And why do we need the #ifdef? Can we not always use htobe32() and put_unaligned_be32() ?
Best regards,
Wolfgang Denk

Hi Wolfgang,
On Sat, Apr 6, 2013 at 12:04 AM, Wolfgang Denk wd@denx.de wrote:
Dear Simon Glass,
In message 1365203470-9099-1-git-send-email-sjg@chromium.org you wrote:
When crc32 is handled by the hash library, it requires the data to be in big-endian format, since it reads it byte-wise. Thus at present the 'crc32' command reports incorrect data. For example, previously we might see:
+#ifdef USE_HOSTCC
crc = htobe32(crc); memcpy(output, &crc, sizeof(crc));
+#else
put_unaligned_be32(crc, output);
+#endif
Why is this depending on USE_HOSTCC, and not on the endianess?
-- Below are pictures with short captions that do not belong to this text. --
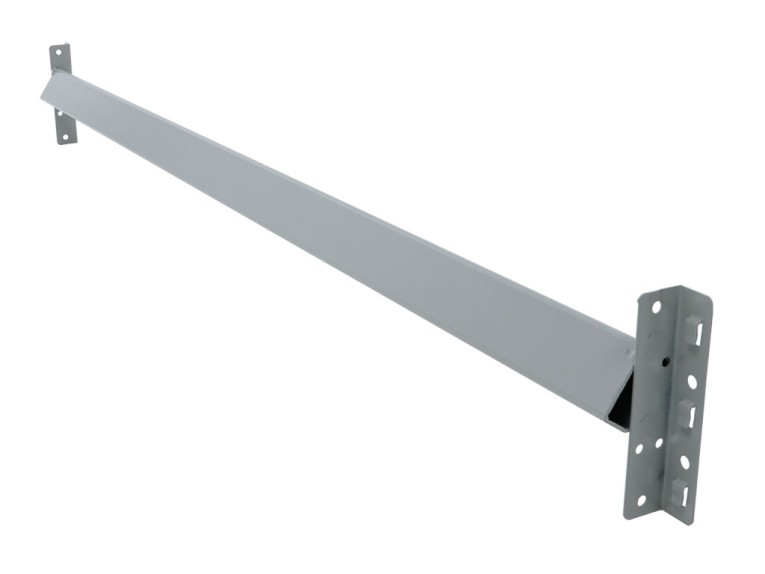 Стеллаж MS PRO 1350/781X606 передвижной для хранения до 4 шин купить в Смоленске Стеллаж MS PRO 1350/781X606 передвижной для хранения до 4 шин купить в Смоленске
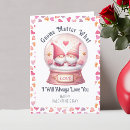Search for funny valentines day cards Cute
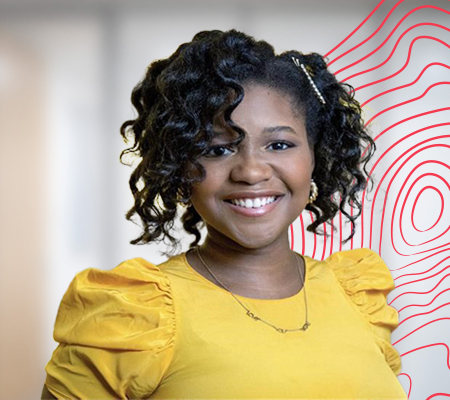 Alcaina Da Costa of Worley.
We always want big-endian in this case, since the bytes have to date been written that way by the crc32 command.
And why do we need the #ifdef? Can we not always use htobe32() and put_unaligned_be32() ?
Well I don't think put_unaligned_be32 is available to user space, which is the environment that the tools are built under. It is available in the kernel, but that's not our environment.
I'm not happy with this solution and would be pleased to find a better way, but I'm not sure what it is.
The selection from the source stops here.